Lillehammer is much smaller than I thought. The fame of the 1994 Winter Olympics and the recent American/Norwegian TV series Lilyhammer eclipses its size.
Elephant Kunsthall, housed in a former filling station, is so tiny it could be a joke. But it sure makes the most of it, in particular in its most recent exhibition.
For this, Kunsthall director Mads Andreassen brought together a very interesting group of artists. Hugging the main exhibition space — so small it feels crowded with three people — is new work by Annamarie Sigmond Gudmundsdottir. Known for elaborate wall drawings of architectural dimensions, the line drawings presented here, executed in acrylic on paper and hung to powerful effect on scarlet walls, could be regarded as deceivingly simple and comparatively small.
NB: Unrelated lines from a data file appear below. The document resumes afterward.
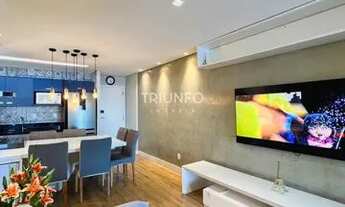 Imagem 6: AB/ Apartamento Mobiliado a venda na Ponta DAreia com 02 quartos, Vista Lagoa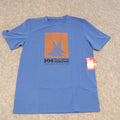 Helly Hansen HP Race Graphic T-Shirt Men's L/G Cobalt Blue UPF 40+ Sailing Top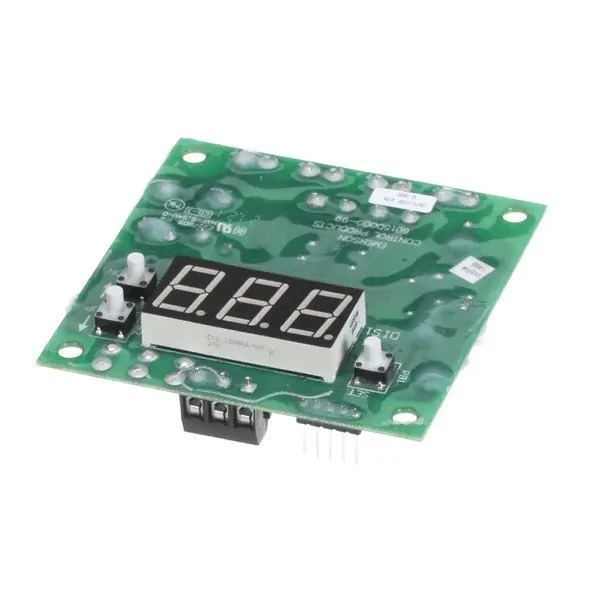 CTRL ELE 120V 185F SP 210F MAX Replacement 02.01.222L.00 for Hatco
Still, they nearly fill the entire space with a stark, sculptural presence. They are based on whimsical doodles that the artist transformed into larger drawings, but they retain the fluidity and charismatic absurdity of a first sketch — such as the one in which, inexplicably, two birds face each other, tucked under the blankets of a conjugal bed. Another drawing is shown in the raw basement downstairs, along with two lights placed on the floor, which on opening night illuminated the mesmerizing performance of Nils Bech, rendering his songs of love and longing in a rather bleak light.
Parked outside the filling station and nearly dwarfing it is Knut Åsdam’s mobile video installation Mobile Egress (2013–2015) — basically a black box in a truck. Here it is a temporary contribution to the Kunsthall’s sculpture park, Andreassen’s ongoing project to develop the derelict backyard around the filling station. Putting Mobile Egress here is a stroke of genius: the beautiful video inside the truck focuses on the goings on at a modern filling station, riffing on micro- and macro-economies, from the personal emotions of the employees to Norway’s complex relationship with oil. Only one year after their inauguration, the Kunsthall is up and running, popular with locals. It’s fun. Even the guys discussing their muscle cars in the parking nearby are curious; they’ll stop by soon.